On appeal, HLF argued that its Sixth Amendment right to counsel was violated at the second trial, and that the presence of the attorneys for the individual defendants did not solve that problem, given the potential conflict of interests. Id. at 165. However, the Fifth Circuit did not reach those issues, instead agreeing with the government that the appellate filings on HLF’s behalf “was unauthorized and thus invalid, thereby depriving us of jurisdiction.” Id. at 166. Critically, “the decision to appeal rests with the defendant,” not with an outside person. Id.at 167. “A defendant is not required to pursue an appeal at all. Because the decision to appeal belongs exclusively to the defendant, the defendant’s counsel may not prosecute an appeal – even if counsel believes it to be in the defendant’s best interest – if the defendant chooses to forgo an appeal.” Id. The Fifth Circuit did credit the district court for its “laudable” intent to appoint Natarajan as pro bono counsel for appeal, but the absence of authorization from HLF to do an appeal should have been the end of the road. Id. at 168. Therefore, the Fifth Circuit had to “dismiss HLF’s appeal for lack of jurisdiction.” Id. at 169.
The Knowledge (Scienter) Requirement
A number of amici organizations submitted an amicus brief to the Fifth Circuit. The amicus brief separately challenged the jury charge on the substantive violations of the Anti-Terrorism Act (18 U.S.C. § 2339B), arguing that the jury charge violated the Due Process Clause of the Fifth Amendment by not requiring a sufficient knowledge (scienter) requirement on defendants’ part. In other words, defendants could not be convicted unless they knew and intended that the donations they were raising were going to support Hamas through the zakat committees.

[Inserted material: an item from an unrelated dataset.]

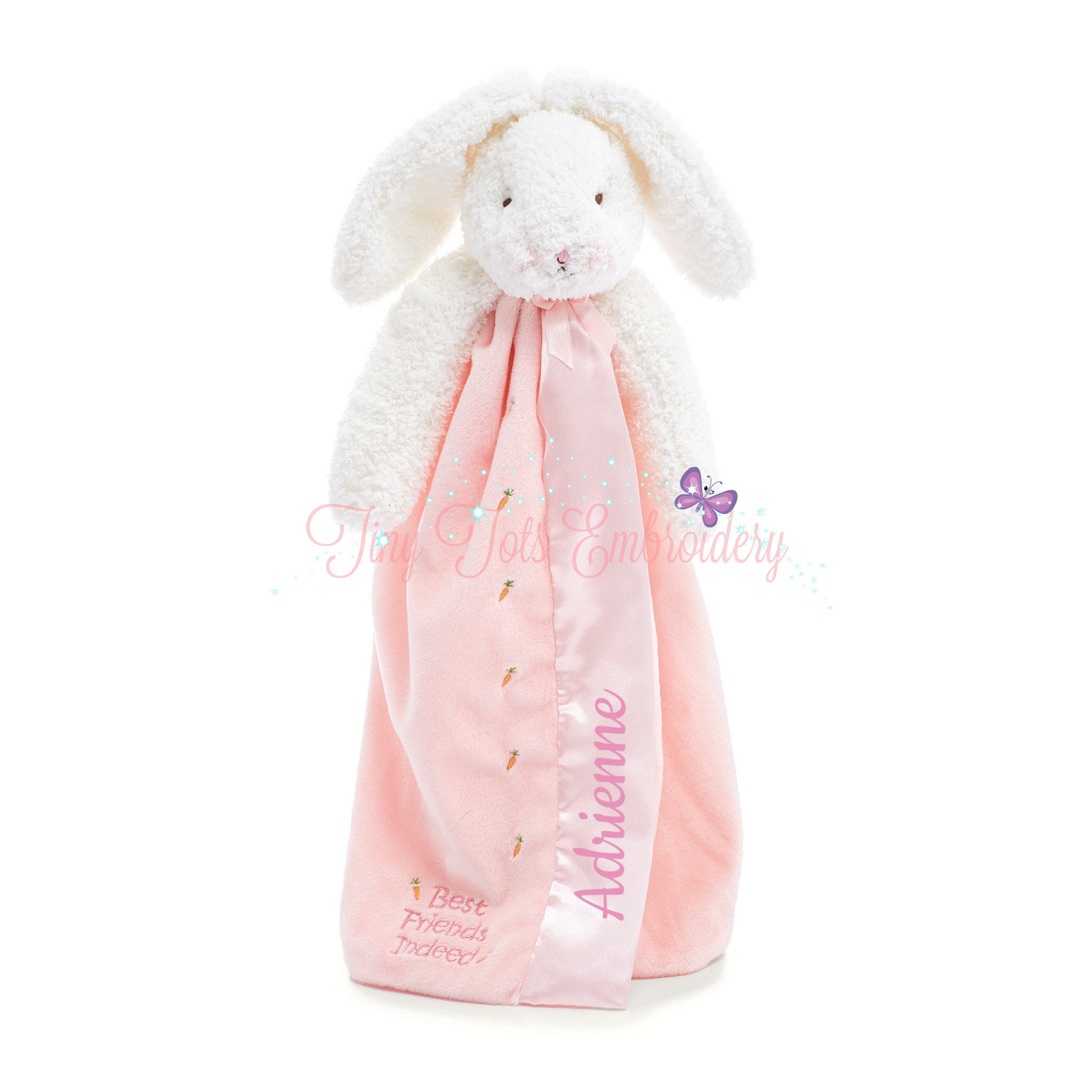 personalized security blanket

More generally, the amicus brief argued that, under 18 U.S.C. § 2339B, a person cannot “be convicted for violating a prohibition on ‘knowingly’ providing ‘material support’ to designated ‘foreign terrorist organizations’ without proof that he or she knowingly provided aid to any designated group.” See United States v. El-Mezian, “Amicus Brief of Charities, Foundations, Conflict-Resolution Groups, and Constitutional Rights Organizations in Support of Defendants and Urging Reversal of Convictions of Counts 2-10,” at 1 (5th Cir. Oct. 26, 2010). The amicus brief further argued that the “erroneous and dangerously expansive interpretation of the material support statute . . . would jeopardize the legitimate charitable work of countless foundations and charities throughout the United States.” Id. at 1. Amicifurther argued that a conviction under Section 2339B should be limited to support for recipients who are designated, and where the donors “know that the recipient has been designated or has engaged in terrorist acts that would render it subject to designation.” Id. at 2.
However, the Fifth Circuit did not address this argument, “because none of the defendants have raised this issue . . . [so] that it is not properly before us.” El-Mezian, Op. at 101 n.22. It remains to be seen whether defendants elsewhere will be able to use the arguments advanced by this amicus brief in challenging their own prosecutions.

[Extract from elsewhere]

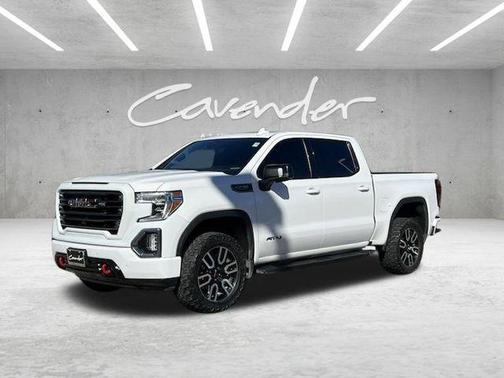 Photo 1 of 30 of 2019 GMC Sierra 1500 AT4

The First Amendment Challenge
Four of the individual defendants challenged the trial court’s jury charge on the First Amendment, arguing that speeches that they made about political issues in the Middle East were protected under the First Amendment, so that the government could not use the videotapes of their speeches as evidence at trial. Id. at 94-95. As a threshold matter, although each of these defendants separately brought this challenge, three of them merely “adopted” the argument made by one defendant (Abdulqader) instead of explaining how their own conduct was protected under the First Amendment, so those three defendants had waived their argument. Id. at 94.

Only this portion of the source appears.